Lunga intervista di Michele Uva a “MF – Milano Finanza”. Il vicepresidente dell’UEFA ha toccato diversi argomenti, tra i quali il nuovo stadio di Milan e Inter, i piani per la riforma delle coppe europee e – soprattutto – i risultati raggiunti dal Financial Fair Play.
A proposito di FFP, Uva ha spiegato che «i numeri sono chiari. Nel 2011, anno in cui sono state introdotte le norme del FFP, il risultato netto complessivo dei club delle principali leghe europee era negativo per 1,7 miliardi. Nel 2017 la stessa voce era invece positiva per 600 milioni. Lo stesso dicasi per il risultato operativo passato nello stesso periodo da un rosso di 400 milioni a un saldo positivo di 1,4 miliardi».

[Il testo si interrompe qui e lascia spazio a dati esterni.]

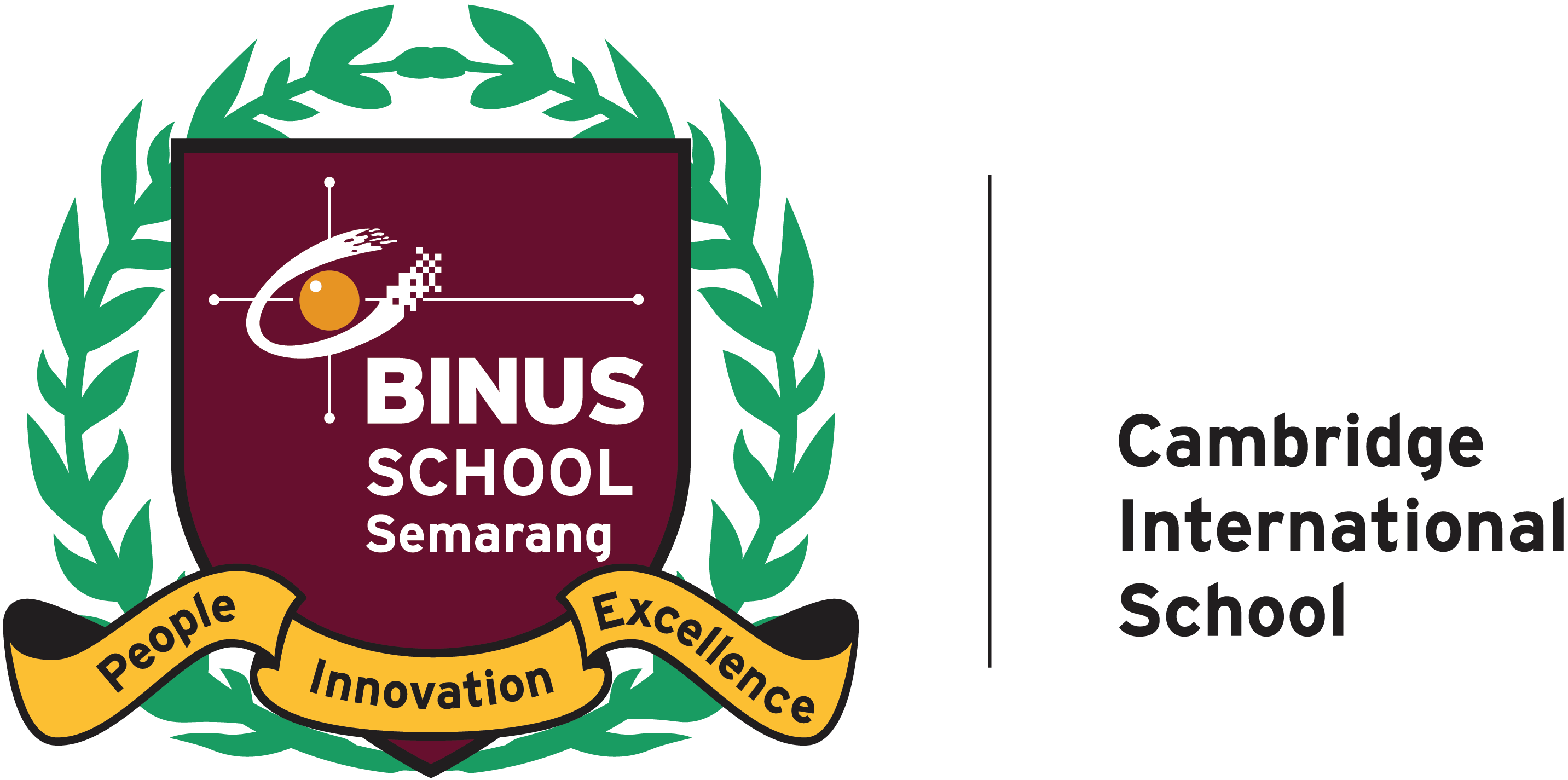 Binus School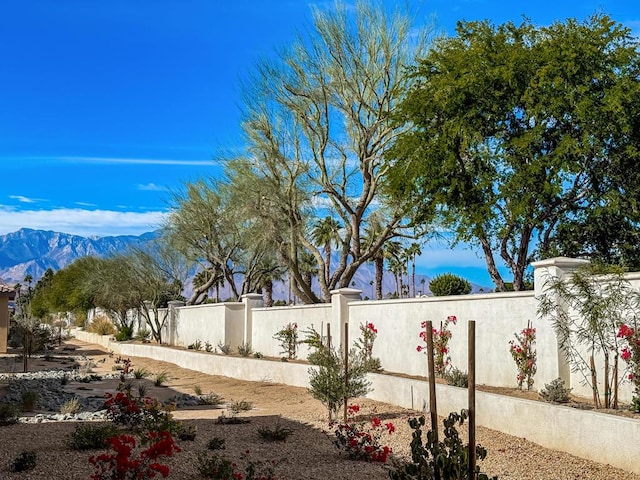 view of yard featuring a mountain view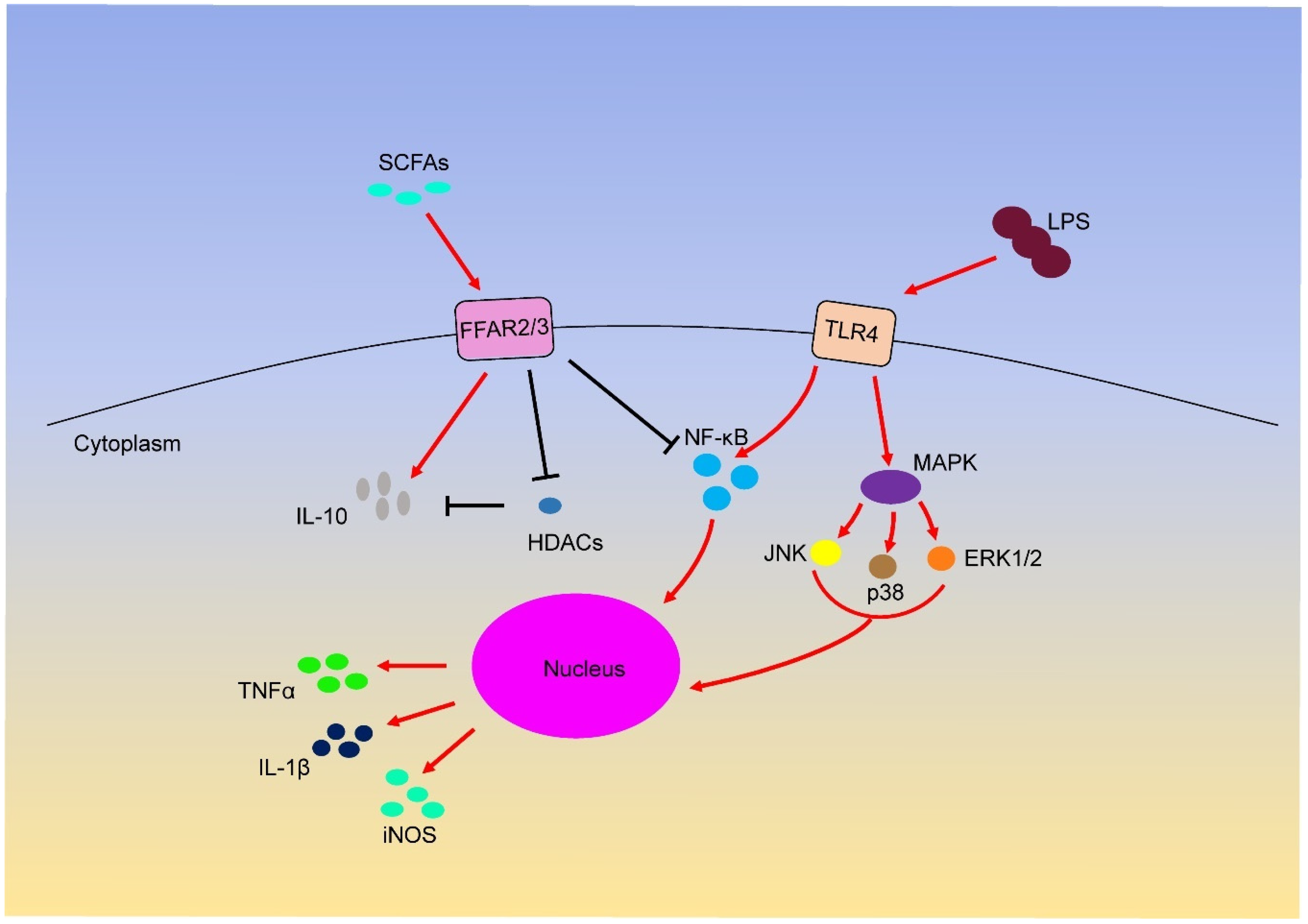 Catégorie bicouche Accor short chain fatty acids microbiome Problèmes ...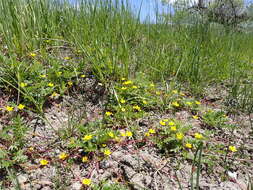 Image of silverweed cinquefoil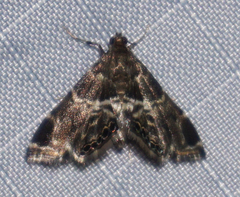 Usingeriessa onyxalis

Ma non solo, «anche l’introduzione delle licenze nazionali e il Ffp in Italia – ha spiegato Uva –, cui sono sottoposti tutti i club del nostro Paese e non solo quelli partecipanti alle coppe, sta dando i suoi frutti. Nel 2014/15 il rosso complessivo dei club professionistici italiani era di 536 milioni mentre già nel 2016/17 questa cifra si era abbassata a 156 milioni. Ma al di là delle cifre, l’importanza delle norme finanziarie sta nel fatto che il costante monitoraggio dei conti permette al club che vende un calciatore di avere la certezza che chi compra pagherà. E così anche i semplici fornitori. Evitare le insolvenze e un possibile effetto valanga di mancati pagamenti è uno dei nostri compiti più importanti per salvaguardare il sistema».
Sulla possibilità che il FFP abbia favorito i grandi club, Uva ha detto: «Nei bilanci dei club europei le entrate derivanti dall’Uefa pesano in media per il 14%. Quindi la gran parte del potere di fuoco finanziario è data dalla capacità di un club di fare gli investimenti giusti al momento giusto. Si consideri inoltre che siamo in un contesto di “economia complementare” da tutelare, intendendo con questo che a differenza di altri settori, nel calcio i grandi club hanno bisogno dei piccoli per dare vita ai campionati».
E alla domanda se non sia legittima una maggior tolleranza per i club che hanno appena cambiato proprietà, Uva ha risposto: «Noi dobbiamo normare un sistema che comprende 55 Paesi, ognuno con una legislazione diversa. Inoltre, dobbiamo tener conto del pregresso per non creare favoritismi nel tempo».
«Detto questo – ha concluso – le regole del Ffp non sono scolpite nella pietra. Il sistema vive di un continuo feedback tra le istituzioni e i club e dobbiamo tenere conto dei cambiamenti del sistema. Il punto però è un altro. Per quanto riguarda i nuovi entranti, nessuno vuole impedire di investire a chi immette denaro nel sistema. Ma dobbiamo essere certi che questi nuovi soggetti possiedano un’indubbia credibilità finanziaria e non creino squilibri sportivi e finanziari».